Caption-style text data:
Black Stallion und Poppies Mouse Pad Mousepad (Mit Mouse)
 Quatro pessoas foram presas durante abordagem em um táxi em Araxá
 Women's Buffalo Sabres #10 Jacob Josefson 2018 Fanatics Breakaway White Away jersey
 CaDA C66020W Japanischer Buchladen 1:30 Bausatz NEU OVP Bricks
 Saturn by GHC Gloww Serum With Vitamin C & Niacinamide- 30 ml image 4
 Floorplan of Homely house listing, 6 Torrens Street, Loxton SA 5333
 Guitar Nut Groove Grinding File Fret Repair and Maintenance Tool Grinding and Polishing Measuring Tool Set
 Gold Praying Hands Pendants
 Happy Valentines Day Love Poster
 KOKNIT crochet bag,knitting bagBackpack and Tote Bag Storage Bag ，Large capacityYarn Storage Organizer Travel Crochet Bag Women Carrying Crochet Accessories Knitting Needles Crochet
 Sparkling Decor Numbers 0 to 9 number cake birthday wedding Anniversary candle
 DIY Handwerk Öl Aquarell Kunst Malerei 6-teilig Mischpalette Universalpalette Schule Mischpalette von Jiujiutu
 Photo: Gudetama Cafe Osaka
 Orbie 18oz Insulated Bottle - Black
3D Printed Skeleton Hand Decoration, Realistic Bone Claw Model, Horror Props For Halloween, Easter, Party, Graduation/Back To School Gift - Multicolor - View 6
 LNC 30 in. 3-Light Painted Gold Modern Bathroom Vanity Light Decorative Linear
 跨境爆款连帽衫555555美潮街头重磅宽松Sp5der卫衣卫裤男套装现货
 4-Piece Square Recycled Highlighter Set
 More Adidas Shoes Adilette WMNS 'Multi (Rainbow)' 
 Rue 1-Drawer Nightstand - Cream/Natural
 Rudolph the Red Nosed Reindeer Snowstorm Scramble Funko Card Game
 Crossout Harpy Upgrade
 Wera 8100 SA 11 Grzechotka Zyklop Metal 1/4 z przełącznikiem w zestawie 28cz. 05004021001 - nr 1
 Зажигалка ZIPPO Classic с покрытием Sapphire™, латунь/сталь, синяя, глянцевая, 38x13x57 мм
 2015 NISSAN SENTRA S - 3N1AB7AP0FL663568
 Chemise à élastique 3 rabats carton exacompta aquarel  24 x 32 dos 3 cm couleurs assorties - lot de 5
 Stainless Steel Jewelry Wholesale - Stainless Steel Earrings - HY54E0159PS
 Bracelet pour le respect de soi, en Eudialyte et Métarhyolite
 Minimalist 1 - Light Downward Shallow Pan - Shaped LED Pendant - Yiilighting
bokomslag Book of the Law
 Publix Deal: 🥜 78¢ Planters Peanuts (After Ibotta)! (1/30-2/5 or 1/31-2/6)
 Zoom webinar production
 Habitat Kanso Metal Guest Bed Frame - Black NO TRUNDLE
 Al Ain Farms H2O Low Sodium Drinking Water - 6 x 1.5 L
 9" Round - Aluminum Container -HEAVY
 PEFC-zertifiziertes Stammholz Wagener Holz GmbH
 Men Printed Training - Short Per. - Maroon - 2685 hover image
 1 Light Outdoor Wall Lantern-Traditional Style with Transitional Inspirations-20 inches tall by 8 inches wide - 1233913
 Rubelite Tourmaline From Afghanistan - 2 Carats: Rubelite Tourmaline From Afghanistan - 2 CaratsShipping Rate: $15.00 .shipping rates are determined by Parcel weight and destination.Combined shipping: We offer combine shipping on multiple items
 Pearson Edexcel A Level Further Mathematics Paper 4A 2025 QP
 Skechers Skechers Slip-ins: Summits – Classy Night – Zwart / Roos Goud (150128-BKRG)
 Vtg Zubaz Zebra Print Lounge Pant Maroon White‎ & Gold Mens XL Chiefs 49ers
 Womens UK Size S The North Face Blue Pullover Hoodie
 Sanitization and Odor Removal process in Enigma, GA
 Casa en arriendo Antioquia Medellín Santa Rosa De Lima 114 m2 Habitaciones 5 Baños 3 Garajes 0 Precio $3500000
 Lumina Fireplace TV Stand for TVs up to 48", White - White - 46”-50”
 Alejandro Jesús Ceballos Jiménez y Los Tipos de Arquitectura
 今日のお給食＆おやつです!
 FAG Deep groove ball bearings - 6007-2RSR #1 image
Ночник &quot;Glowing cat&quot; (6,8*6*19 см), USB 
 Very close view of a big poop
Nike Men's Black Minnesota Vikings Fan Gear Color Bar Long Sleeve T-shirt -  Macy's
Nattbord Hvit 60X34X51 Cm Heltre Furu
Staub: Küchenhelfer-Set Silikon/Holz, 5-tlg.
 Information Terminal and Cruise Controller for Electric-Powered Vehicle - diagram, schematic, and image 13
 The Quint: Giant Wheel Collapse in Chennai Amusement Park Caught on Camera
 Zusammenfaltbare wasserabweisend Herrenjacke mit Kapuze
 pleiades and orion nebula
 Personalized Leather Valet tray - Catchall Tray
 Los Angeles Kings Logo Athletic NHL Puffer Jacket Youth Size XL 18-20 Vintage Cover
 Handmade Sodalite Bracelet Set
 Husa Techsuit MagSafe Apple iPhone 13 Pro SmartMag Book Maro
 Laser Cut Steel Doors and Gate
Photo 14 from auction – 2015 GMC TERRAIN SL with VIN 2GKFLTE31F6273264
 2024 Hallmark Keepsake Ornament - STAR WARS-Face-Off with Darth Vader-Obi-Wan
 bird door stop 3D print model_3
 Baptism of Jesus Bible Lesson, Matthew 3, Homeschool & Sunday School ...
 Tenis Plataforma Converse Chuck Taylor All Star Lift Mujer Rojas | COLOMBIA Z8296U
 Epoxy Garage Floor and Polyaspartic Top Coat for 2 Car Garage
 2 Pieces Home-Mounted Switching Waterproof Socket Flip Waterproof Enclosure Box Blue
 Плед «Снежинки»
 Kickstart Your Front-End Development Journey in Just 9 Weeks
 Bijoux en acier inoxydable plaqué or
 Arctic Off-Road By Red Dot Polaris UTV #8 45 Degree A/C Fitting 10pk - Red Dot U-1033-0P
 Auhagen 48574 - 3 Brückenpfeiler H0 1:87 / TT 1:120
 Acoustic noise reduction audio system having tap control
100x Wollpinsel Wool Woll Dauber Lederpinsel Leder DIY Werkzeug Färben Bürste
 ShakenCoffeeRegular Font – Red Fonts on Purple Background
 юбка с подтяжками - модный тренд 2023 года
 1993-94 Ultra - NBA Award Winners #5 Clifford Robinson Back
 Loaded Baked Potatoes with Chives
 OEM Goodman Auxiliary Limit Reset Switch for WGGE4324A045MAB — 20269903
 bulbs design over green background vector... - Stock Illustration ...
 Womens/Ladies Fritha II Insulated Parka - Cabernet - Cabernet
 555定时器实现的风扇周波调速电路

*What to work on*
Within the data above, pick out all lines holding the word "School".

*Solution for this problem*
3D Printed Skeleton Hand Decoration, Realistic Bone Claw Model, Horror Props For Halloween, Easter, Party, Graduation/Back To School Gift - Multicolor - View 6
 Baptism of Jesus Bible Lesson, Matthew 3, Homeschool & Sunday School ...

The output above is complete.